Motivating people to perform at their peak is especially vital in creative work. An employee uninspired to wrap her mind around a problem is unlikely to come up with a novel solution. What spurs creativity, however, has long been a matter of debate.

WHY IS CREATIVITY IMPORTANT?

Creativity serves several purposes. It not only combats stagnation but facilitates growth and innovation. Here are five reasons why creativity is important in business.

1. It Accompanies Innovation

For something to be innovative, there are two requirements: It must be novel and useful. While creativity is crucial to generate ideas that are both unique and original, they’re not always inherently useful. Innovative solutions can’t exist, however, without a component of creativity.

2. It Increases Productivity

Creativity gives you the space to work smarter instead of harder, which can increase productivity and combat stagnation in the workplace. Routine and structure are incredibly important but shouldn’t be implemented at the expense of improvement and growth. When a creative and innovative environment is established, a business’s productivity level can spike upward.
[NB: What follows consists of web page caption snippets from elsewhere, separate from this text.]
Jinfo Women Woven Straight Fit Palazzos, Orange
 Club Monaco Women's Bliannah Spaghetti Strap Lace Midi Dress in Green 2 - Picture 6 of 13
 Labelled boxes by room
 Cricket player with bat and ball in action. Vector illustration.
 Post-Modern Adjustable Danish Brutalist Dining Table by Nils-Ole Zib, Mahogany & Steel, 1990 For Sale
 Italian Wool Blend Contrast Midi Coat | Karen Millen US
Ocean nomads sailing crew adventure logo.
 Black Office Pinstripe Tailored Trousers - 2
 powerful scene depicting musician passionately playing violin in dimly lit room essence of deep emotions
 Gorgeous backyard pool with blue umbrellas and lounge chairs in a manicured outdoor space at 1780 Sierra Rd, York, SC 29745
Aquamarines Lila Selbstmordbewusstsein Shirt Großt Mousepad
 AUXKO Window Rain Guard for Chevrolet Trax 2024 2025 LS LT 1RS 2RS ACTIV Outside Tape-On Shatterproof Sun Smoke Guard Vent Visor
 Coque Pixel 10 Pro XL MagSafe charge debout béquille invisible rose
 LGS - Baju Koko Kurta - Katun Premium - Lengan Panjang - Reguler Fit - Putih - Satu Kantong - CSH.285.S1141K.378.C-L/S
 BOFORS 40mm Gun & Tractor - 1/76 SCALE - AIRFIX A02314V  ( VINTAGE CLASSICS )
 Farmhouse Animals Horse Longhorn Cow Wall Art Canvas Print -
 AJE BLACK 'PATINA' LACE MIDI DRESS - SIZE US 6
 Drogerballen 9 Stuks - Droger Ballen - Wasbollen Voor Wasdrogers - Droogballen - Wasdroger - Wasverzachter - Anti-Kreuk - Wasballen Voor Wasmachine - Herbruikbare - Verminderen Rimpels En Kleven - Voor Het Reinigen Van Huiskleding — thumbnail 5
3. It Allows for Adaptability

Sometimes events—both internal and external—can disrupt an organization’s structure. For example, the COVID-19 pandemic has dramatically changed how the present-day business world functions. In such instances, imaginative thinking and innovation are critical to maintaining business operations.

Creatively approaching challenges requires adaptability but doesn’t always necessitate significantly adjusting your business model. For example, you might develop a new product or service or slightly modify the structure of your operations to improve efficiency. Big problems don’t always require big solutions, so don’t reject an idea because it doesn’t match a problem’s scale.

Change is inevitable in the business world, and creative solutions are vital to adapting to it.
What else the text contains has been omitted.